Geschwister Pfister Reloaded: 30 Jahre «Melodien fürs Gemüt»
Zum Jubiläum gibt’s eine ungewöhnliche Reunion mit der Ur-Besetzung von 1992
Die Schweizer Kult-Formation Geschwister Pfister feiert ihr 30-jähriges Bestehen mit einer besonderen Show, bei der Christoph Marti und Tobias Bonn erstmals seit Jahrzehnten wieder mit der Ur-Truppe auftreten – also als Lilo, Willi, Toni und Ursli.
Die Jubiläumsshow trägt den schmalzigen Titel «Melodien fürs Gemüt», den die Truppe schon 1992 verwendet hatte. Es handelt sich bei der Neuauflage um eine einmalige Reunion mit Lilian Naef und Max Gertsch in der Bar jeder Vernunft in Berlin, die ihrerseits ihr 30-Jähriges feiert. Am Flügel sitzt, wie schon 1992, Johannes Roloff.
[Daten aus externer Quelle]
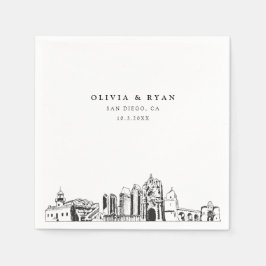 San Diego bruiloft minimalistisch papier Servet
Nach der Ur-Show 1992 stiegen Naef und Gertsch schnell aus, dafür kam wenig später Andreja Schneider als das unwiderstehliche bulgarische Fräulein Schneider hinzu. Sie ist jetzt bei der Jubiläumsshow allerdings nicht dabei, weil sie seit Jahren eigene Wege eingeschlagen hat. (Christoph Marti und Tobias Bonn waren kürzlich in einer ZDF-Sendung über alternative Lebensformen dabei, MANNSCHAFT berichtete.)
1992 schrieb der Musikkritiker Manuel Brug in der Süddeutschen Zeitung über «Melodien fürs Gemüt»: «Die Kunst der Geschwister Pfister ist eine leise Kunst, doppelbödig und nur scheinbar unschuldsvoll. Die Parodie wird hier geadelt zu einem Traumspiel zwischen Phantasie und Alpdruck. Aber Vorsicht: Hinter einem süssen Lächeln versteckt sich Vitriol, die Engelszungen sind gespalten, der ‹Heidi›-Dialekt ist vergiftet.»
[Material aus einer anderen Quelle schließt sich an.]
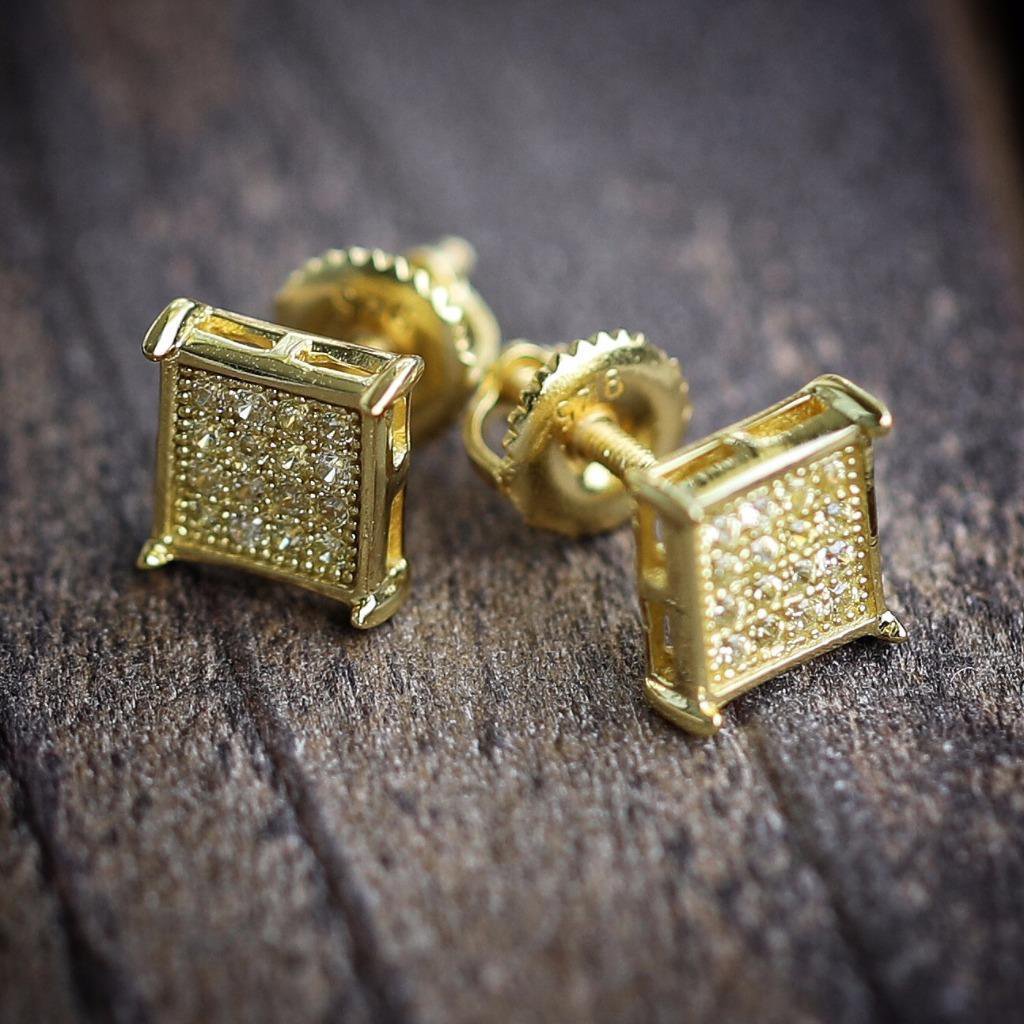 Mens Small Gold Earrings Square Shaped Iced Out Canary High Quality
Operettenmeilensteine In der Bar jeder Vernunft brachten die Geschwister Pfister 1994 ihr legendäres «Weisses Rössl» heraus, mit Max Raabe, Meret Becker, Otto Sander und vielen anderen. Das wurde glücklicherweise gefilmt und ist heute als Operettenmeilenstein auf DVD erhältlich.
2014 holte Barrie Kosky die Pfisters als queere Attraktion an die Komische Oper. Dort brillierten sie in Dostals «Clivia», Spolianskys «Heute Nacht oder nie» sowie der Fussbaloperette «Roxy und ihr Wunderteam» von Paul Ábrahám – jeweils in Inszenierungen von Stefan Huber, mit einem cross-dressed Christoph Marti in der weiblichen Hauptrolle.
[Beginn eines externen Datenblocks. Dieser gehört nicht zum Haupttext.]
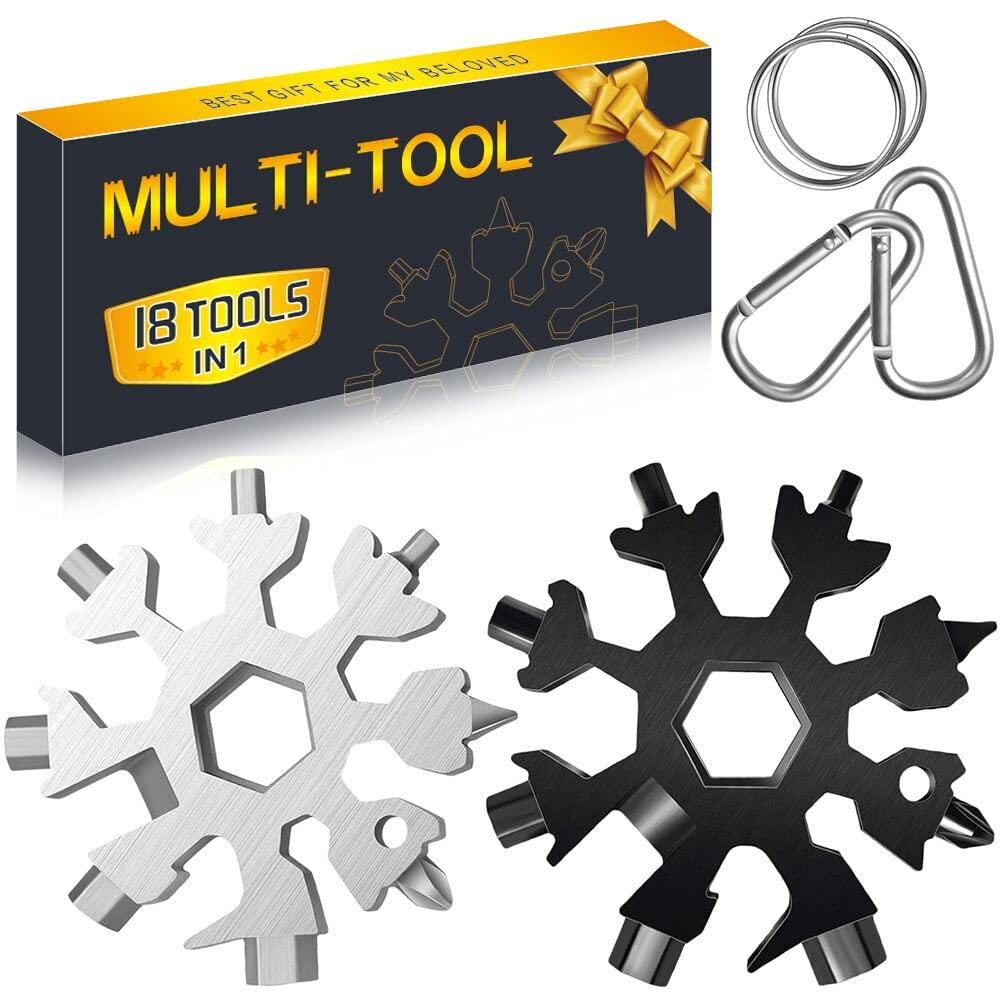 Stocking Stuffers for Men Dad – 2 Pack 18-in-1 Snowflake Multi Tool, Portable Keychain Wrench, Screwdriver & Bottle Opener for Camping & Outdoors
In «Roxy» durfte Marti dem Publikum singend erklären, dass eine «kleine feine Handarbeit» schon immer die Männer beglückt habe … Er tat es mit jenem doppeldeutigen Operettengrinsen, das dem Genre entspricht und jedes Mal aufs Neue Beifallsstürme entfachte. Eine Art Doppeldeutigkeit, die man bei den meisten Opernsänger*innen im Operettenfach leider weitgehend vermisst. (MANNSCHAFT berichtete über den ersten schwulen Opernführer der Welt.)
Eine vierte Produktion – die Gendernormen durchbrechende «Fledermaus» von Johann Strauss – fiel coronabedingt in Berlin aus, vorerst zumindest. Dafür lief sie zuletzt erfolgreich in Zürich. (MANNSCHAFT berichtete über die Produktion.)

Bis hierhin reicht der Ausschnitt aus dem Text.